In [0]:
def preprocess_data():
  import numpy as np # linear algebra
  import pandas as pd # data processing, CSV file I/O (e.g. pd.read_csv)
  import matplotlib.pyplot as plt # basic plotting
  import seaborn as sns 


  xray_data = pd.read_csv('./Data_Entry_2017.csv')

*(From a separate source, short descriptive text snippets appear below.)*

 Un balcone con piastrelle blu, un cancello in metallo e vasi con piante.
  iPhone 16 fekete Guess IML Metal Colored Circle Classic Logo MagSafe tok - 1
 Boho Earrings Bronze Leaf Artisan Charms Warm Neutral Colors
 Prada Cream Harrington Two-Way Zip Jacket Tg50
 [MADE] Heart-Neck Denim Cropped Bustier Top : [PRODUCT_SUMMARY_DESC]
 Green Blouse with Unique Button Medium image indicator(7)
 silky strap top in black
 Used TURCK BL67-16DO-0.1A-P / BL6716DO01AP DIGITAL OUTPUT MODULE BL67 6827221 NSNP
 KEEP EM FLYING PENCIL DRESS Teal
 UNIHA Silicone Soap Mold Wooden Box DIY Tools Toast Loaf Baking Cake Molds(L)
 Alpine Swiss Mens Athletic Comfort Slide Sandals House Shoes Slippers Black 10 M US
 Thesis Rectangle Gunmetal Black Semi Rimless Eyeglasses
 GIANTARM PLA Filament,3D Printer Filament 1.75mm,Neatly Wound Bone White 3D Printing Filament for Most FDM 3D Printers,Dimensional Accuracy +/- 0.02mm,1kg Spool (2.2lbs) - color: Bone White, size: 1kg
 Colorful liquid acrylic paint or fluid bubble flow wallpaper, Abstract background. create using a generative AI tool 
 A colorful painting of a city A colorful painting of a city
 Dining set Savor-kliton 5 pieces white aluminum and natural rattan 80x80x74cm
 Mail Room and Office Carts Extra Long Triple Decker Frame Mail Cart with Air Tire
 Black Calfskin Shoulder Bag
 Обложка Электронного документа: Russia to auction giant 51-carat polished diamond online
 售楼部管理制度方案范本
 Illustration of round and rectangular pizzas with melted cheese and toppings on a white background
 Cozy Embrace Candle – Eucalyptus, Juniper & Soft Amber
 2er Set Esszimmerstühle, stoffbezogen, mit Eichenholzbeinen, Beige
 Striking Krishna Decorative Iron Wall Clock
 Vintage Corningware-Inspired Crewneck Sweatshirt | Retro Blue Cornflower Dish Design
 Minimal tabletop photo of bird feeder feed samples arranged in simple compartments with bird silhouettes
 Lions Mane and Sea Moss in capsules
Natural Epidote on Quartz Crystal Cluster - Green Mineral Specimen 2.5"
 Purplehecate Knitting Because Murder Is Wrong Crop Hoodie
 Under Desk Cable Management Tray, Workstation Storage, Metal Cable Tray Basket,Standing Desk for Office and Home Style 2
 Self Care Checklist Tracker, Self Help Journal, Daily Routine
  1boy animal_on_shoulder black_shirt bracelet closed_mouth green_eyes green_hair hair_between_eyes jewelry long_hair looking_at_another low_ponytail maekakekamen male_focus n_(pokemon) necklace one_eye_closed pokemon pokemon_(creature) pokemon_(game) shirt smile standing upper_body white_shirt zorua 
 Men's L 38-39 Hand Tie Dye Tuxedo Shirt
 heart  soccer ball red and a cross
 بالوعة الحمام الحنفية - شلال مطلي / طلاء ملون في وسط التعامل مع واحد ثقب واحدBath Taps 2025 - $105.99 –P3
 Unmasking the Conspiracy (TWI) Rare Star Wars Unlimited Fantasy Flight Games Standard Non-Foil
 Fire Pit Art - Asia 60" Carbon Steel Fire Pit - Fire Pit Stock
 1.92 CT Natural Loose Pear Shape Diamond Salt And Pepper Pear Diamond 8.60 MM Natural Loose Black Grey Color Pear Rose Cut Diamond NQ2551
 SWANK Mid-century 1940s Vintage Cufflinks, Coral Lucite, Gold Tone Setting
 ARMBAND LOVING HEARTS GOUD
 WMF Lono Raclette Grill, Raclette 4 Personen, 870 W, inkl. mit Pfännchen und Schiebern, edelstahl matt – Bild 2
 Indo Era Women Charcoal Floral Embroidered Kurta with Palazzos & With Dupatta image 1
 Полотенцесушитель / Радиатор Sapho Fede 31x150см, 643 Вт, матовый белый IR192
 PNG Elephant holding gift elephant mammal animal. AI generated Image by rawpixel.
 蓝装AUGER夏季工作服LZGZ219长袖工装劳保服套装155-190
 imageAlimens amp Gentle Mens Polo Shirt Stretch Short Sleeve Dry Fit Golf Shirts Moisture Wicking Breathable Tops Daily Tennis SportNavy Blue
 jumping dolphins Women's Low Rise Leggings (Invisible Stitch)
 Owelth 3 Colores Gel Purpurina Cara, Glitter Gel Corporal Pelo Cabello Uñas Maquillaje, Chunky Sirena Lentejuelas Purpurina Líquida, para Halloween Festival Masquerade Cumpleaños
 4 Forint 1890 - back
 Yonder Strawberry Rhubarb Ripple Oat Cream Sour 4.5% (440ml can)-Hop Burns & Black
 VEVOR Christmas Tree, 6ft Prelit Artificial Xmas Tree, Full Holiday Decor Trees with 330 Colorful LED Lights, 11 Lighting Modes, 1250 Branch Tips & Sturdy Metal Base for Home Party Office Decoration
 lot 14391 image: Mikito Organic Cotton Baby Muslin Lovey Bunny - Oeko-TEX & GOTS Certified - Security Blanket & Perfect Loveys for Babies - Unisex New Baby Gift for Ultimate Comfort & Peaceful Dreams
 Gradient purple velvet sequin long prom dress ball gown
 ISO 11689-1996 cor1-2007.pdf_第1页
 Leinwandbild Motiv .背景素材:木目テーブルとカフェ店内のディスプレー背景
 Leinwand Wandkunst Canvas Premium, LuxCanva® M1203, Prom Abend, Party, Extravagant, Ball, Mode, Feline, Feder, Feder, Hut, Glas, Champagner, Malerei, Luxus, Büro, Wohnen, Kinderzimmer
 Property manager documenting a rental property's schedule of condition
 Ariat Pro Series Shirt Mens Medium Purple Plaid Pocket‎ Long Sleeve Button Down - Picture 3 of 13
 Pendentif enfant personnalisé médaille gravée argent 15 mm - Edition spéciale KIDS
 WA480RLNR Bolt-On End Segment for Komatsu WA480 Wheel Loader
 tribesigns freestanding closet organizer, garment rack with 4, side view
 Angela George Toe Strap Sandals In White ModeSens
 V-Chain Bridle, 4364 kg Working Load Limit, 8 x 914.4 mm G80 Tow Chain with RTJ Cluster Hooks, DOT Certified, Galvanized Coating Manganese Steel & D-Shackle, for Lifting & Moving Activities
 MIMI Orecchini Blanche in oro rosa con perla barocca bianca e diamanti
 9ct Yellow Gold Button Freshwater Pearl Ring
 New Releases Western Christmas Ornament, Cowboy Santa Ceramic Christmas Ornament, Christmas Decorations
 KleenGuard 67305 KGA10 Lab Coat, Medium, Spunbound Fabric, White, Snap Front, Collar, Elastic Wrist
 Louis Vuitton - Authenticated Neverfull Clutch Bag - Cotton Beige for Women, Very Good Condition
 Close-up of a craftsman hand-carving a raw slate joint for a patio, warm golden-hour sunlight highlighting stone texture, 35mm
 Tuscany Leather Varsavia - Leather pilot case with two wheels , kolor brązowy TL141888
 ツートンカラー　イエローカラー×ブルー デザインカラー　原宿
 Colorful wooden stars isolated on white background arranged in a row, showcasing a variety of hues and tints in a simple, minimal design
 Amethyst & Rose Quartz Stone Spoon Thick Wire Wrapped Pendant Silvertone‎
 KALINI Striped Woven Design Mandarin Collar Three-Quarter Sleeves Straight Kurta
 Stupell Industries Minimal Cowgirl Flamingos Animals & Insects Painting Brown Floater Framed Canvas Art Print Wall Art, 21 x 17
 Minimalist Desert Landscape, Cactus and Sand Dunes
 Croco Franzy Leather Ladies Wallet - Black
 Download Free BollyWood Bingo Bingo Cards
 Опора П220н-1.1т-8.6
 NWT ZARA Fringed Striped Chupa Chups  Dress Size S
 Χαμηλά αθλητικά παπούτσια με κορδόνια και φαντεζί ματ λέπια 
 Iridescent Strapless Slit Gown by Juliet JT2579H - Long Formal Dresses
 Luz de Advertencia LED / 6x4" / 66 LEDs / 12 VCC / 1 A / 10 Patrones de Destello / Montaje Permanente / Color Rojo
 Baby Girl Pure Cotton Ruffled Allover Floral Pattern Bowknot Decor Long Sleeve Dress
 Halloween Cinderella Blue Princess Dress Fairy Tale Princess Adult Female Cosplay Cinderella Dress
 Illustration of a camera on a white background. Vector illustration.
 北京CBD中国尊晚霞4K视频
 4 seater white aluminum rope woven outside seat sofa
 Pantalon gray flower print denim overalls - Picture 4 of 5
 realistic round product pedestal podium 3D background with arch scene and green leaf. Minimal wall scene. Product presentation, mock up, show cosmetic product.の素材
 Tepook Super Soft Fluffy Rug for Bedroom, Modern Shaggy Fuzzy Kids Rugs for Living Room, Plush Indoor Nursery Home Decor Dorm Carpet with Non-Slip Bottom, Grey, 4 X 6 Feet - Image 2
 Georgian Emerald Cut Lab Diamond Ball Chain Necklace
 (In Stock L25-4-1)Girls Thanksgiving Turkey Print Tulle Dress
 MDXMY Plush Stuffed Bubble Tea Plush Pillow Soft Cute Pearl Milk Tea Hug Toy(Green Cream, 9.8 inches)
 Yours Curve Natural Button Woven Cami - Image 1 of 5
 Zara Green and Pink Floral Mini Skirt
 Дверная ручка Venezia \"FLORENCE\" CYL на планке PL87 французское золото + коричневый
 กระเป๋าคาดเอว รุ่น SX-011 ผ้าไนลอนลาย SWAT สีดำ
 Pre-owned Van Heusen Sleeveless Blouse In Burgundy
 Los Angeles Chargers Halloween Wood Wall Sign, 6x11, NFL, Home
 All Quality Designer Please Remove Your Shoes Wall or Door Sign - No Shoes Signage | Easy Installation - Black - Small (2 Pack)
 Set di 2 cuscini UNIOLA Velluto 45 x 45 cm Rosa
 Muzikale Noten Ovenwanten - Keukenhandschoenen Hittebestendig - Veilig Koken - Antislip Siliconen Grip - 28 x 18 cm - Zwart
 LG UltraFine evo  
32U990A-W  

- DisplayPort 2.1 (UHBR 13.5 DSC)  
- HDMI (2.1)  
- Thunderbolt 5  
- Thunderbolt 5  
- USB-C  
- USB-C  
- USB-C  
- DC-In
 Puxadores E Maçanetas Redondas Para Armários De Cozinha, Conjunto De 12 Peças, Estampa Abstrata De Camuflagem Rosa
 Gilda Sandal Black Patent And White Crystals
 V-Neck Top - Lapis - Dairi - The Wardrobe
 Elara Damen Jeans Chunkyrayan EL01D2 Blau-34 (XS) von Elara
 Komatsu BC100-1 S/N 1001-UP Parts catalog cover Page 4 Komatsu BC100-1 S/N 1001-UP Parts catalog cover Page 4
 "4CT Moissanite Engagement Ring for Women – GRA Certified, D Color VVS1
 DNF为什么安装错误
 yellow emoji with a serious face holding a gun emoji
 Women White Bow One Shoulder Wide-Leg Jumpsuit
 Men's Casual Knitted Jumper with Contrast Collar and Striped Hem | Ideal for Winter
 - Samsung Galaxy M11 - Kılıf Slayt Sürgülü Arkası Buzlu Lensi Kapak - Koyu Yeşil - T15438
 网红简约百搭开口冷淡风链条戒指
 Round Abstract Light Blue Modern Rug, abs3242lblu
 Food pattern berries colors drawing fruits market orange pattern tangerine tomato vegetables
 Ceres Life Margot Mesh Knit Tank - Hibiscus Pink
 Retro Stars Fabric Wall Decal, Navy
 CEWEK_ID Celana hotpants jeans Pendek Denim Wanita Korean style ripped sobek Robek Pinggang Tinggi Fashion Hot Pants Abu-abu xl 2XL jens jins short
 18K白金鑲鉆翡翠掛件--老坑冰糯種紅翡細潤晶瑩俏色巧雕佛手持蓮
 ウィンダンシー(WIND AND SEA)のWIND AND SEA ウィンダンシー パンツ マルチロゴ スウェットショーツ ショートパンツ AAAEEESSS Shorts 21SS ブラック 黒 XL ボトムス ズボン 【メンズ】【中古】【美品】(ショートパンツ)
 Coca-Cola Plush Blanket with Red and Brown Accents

  # see how many observations there are
  num_obs = len(xray_data)
  print('Number of observations:',num_obs)

  # examine the raw data before performing pre-processing
  xray_data.head(5) # view first 5 rows
  #xray_data.sample(5) # view 5 randomly sampled rows
  
  
  
  from glob import glob
  #import os # already imported earlier

  my_glob = glob('./input_images/images*/*.png')
  print('Number of Observations: ', len(my_glob)) # check to make sure I've captured every pathway, should equal 112,120
  
  
  
  full_img_paths = {os.path.basename(x): x for x in my_glob}
  xray_data['full_path'] = xray_data['Image Index'].map(full_img_paths.get)
  
  #---for removing null path
  df = xray_data['full_path'].dropna()
  new_xray_data = pd.merge(xray_data, df, how='right')
  
  #----for making seperate dataframe of specific diseases
  df1 = new_xray_data[new_xray_data['Finding Labels']=='Atelectasis']
  df2 = new_xray_data[new_xray_data['Finding Labels']=='Infiltration']
  df3 = new_xray_data[new_xray_data['Finding Labels']=='Effusion']
  
  n = int(df2.shape/5)  #-- sampling the 'No Finding' labels
  df4 = new_xray_data[new_xray_data['Finding Labels']=='No Finding'].iloc[:n, :] # taking small sample beacuse to avoid baised data
  
  cleaned_df = pd.concat([df1,df2,df3,df4], ignore_index=True)
  
  #--for shuffling data
  from sklearn.utils import shuffle
  cleaned_df = shuffle(cleaned_df)
  
  
  dummy_labels = ['No Finding', 'Atelectasis', 'Infiltration','Effusion'] # taken from paper

  # One Hot Encoding of Finding Labels to dummy_labels
  for label in dummy_labels:
      cleaned_df[label] = cleaned_df['Finding Labels'].map(lambda result: 1.0 if label in result else 0)
  cleaned_df.head() # check the data, looking good!
  
  
  cleaned_df['target_vector'] = cleaned_df.apply(lambda target: [target[dummy_labels].values], 1).map(lambda target: target[0])
  
  
  
    # split the data into a training and testing set
  from sklearn.model_selection import train_test_split
  train_set, test_set = train_test_split(cleaned_df, test_size = 0.2, random_state = 1993)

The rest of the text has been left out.